危機管理の際に現場は余裕がない事は容易に考えられる事から、常日頃から危機管理に対する現場の最低限の動きは伝達しておく必要がありますし、想定しうる危機の発生度合いが高ければ、マニュアルや訓練をしておくことも必要となります。
とはいえ、実際に危機に直面すると、想定通りにも行きません。早急な対応が必要な場合もありますし、連絡ができない場合も起こり得ます。
アの選択肢では、コミュニケーション方法は確保できている状態ですが、現場にはいません。ある程度の指示出しは必要となりますが、具体的な対処法については現場の判断を優先するほうが望ましい場合があります。

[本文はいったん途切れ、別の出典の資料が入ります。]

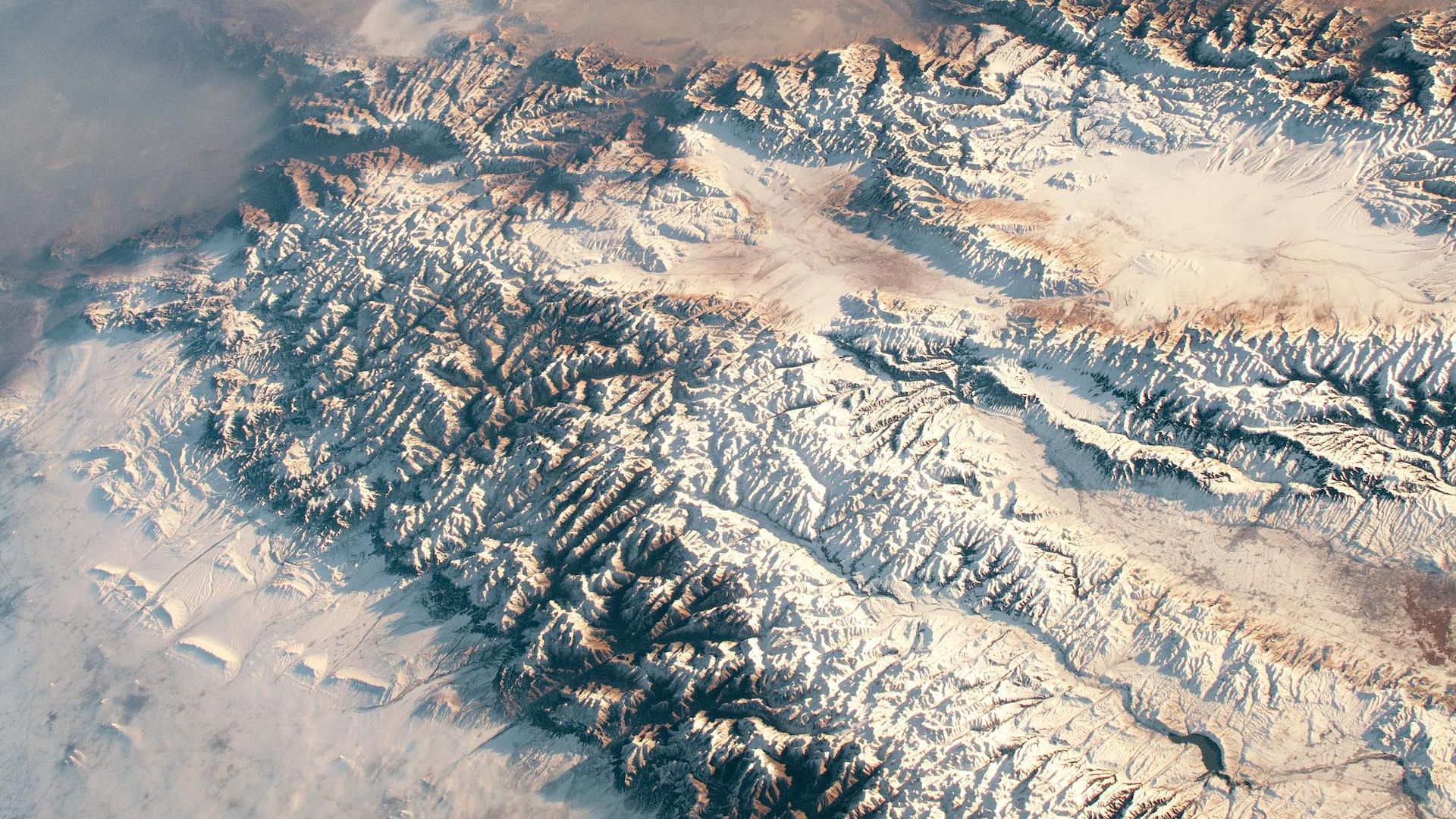 A photo of a mountain range in Asia taken from the International Space Station.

正解(不適切)はアですが、これもあくまでも一ケースの対処法となるので、集権的意思決定をすべき危機的状況であればそうすべきです。イ〜オに関してはそのとおりとなります。
イの場合は、例えば崩壊しそうな建物の中にいる場合、組織員は現場の判断で作業をやめ、直ちに屋外へ避難する事が望ましいですから、危機的状況の際には作業をやめて良い、という権限は与えておく必要があります。
ウの場合は、例えば「危機管理コンサルタント」など専門分野にするコンサルタントもいますし、大手製薬会社がパンデミックに備えるための指導をする場合もあります。自社内での想定では洗い出せない専門家の視点からの意見は必要といえます。
エについては、例えば地震の際には作業員が想定の場所に避難できない場合もあります。各所にトランシーバーを設置し、万一の際には使用できるよう訓練をする。また、安全に避難ができればその旨本部と連絡しあう事も必要になります。
オについては、連絡手段が遮断されている場合、各自のプライベートでな携帯電話に危機対応ページへのアクセスを促すメールを一斉送信して確認したり、関係者連絡先の所在確認などが必要になります。また、危機管理の関係者が万一連絡が取れない場合の代理も立てておくと良いでしょう。